Supplied entries:
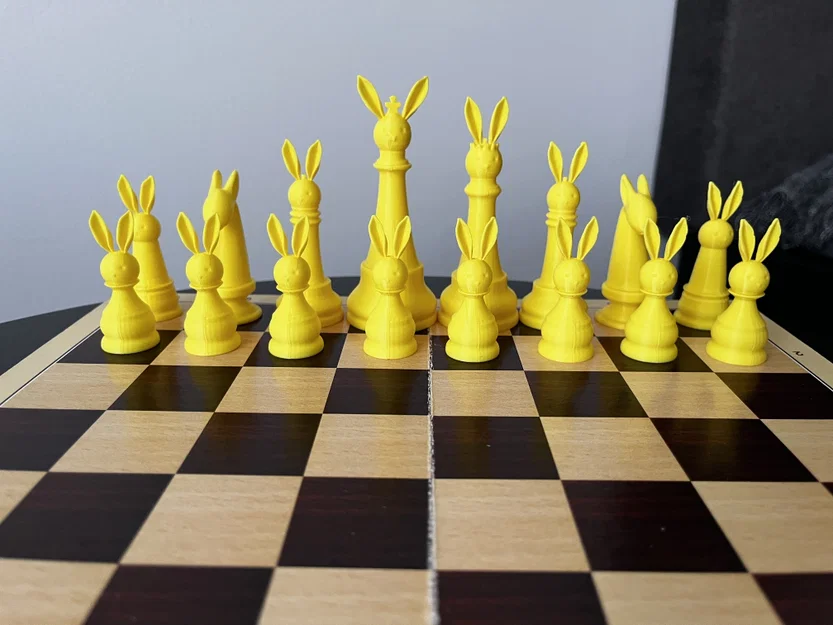 Bộ Cờ Vua Chú Thỏ Phục Sinh (Easter Bunny Chess Set) In 3D Độc Đáo - Image 2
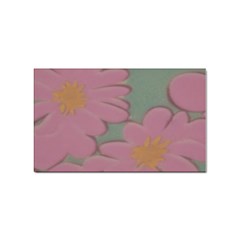 Mid Century Retro Floral 1970s 1960s Pattern 80 Sticker Rectangular (10 Pack) by violetheavensky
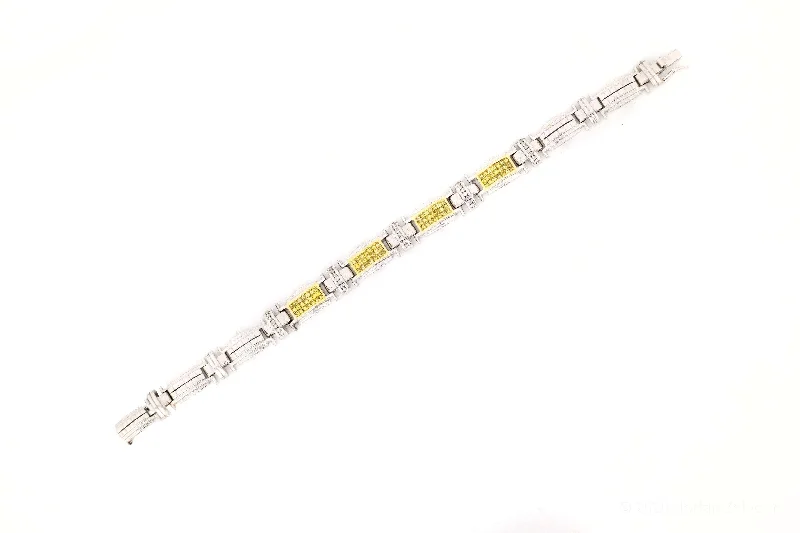 Exclusive Jewelry Markdowns – Limited-Time Offer 10.6mm Yellow & White Invisible Setting Bracelet Exclusive Jewelry Markdowns – Limited-Time Offer 10.6mm Yellow & White Invisible Setting Bracelet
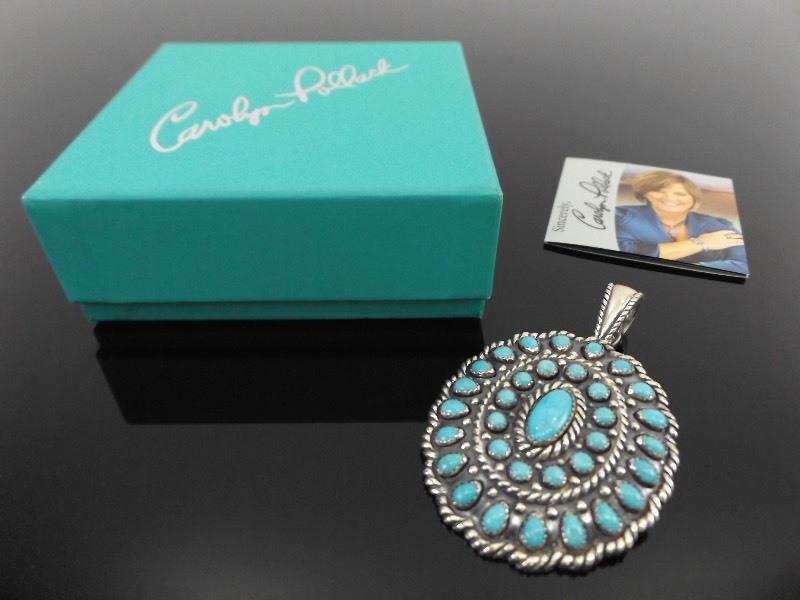 lot 25 image: NEW .925 Sterling Silver Carolyn Pollack Turquoise Navajo Pendant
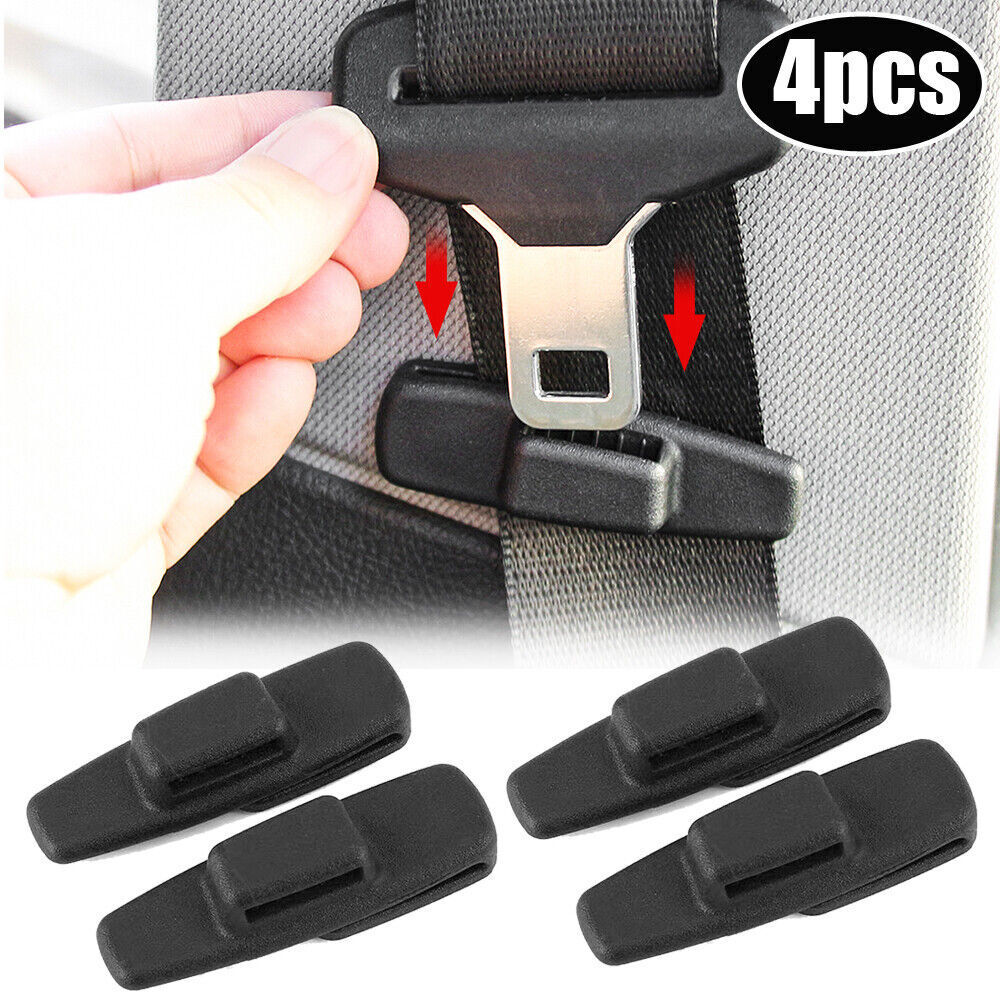 4-Pack Black Car Seat Belt Clamp Protectors Safety Buckle Clips Accessories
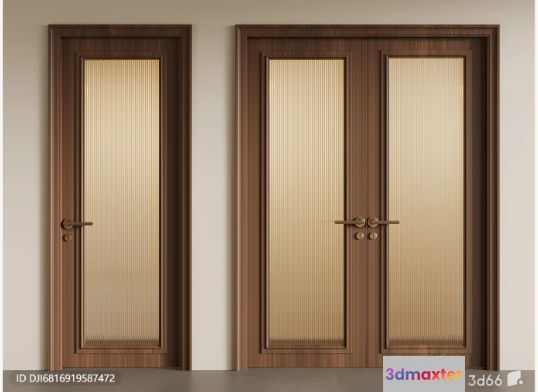 Two Wooden Doors With Glass Panels 3D Model - 20727 - VRAY Render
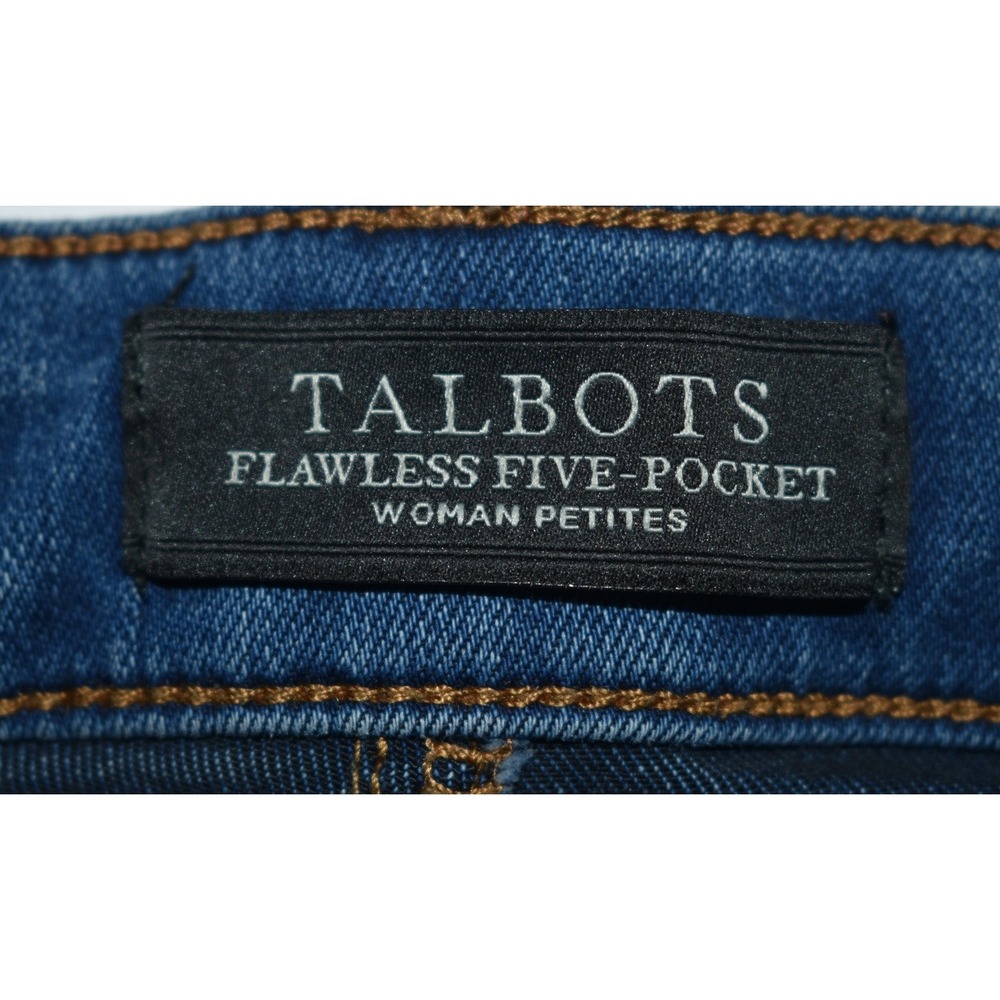 Talbots 22WP Flawless Five-Pocket Straight Leg Jeans Comfy Stretch Blue 5-Pkt - Picture 5 of 16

Problem to solve:
Only an exact copy of the records, free of images, belongs in the answer.

Answer to this problem:
 Bộ Cờ Vua Chú Thỏ Phục Sinh (Easter Bunny Chess Set) In 3D Độc Đáo - Image 2
 Mid Century Retro Floral 1970s 1960s Pattern 80 Sticker Rectangular (10 Pack) by violetheavensky
 Exclusive Jewelry Markdowns – Limited-Time Offer 10.6mm Yellow & White Invisible Setting Bracelet Exclusive Jewelry Markdowns – Limited-Time Offer 10.6mm Yellow & White Invisible Setting Bracelet
 lot 25 image: NEW .925 Sterling Silver Carolyn Pollack Turquoise Navajo Pendant
 4-Pack Black Car Seat Belt Clamp Protectors Safety Buckle Clips Accessories
 Two Wooden Doors With Glass Panels 3D Model - 20727 - VRAY Render
 Talbots 22WP Flawless Five-Pocket Straight Leg Jeans Comfy Stretch Blue 5-Pkt - Picture 5 of 16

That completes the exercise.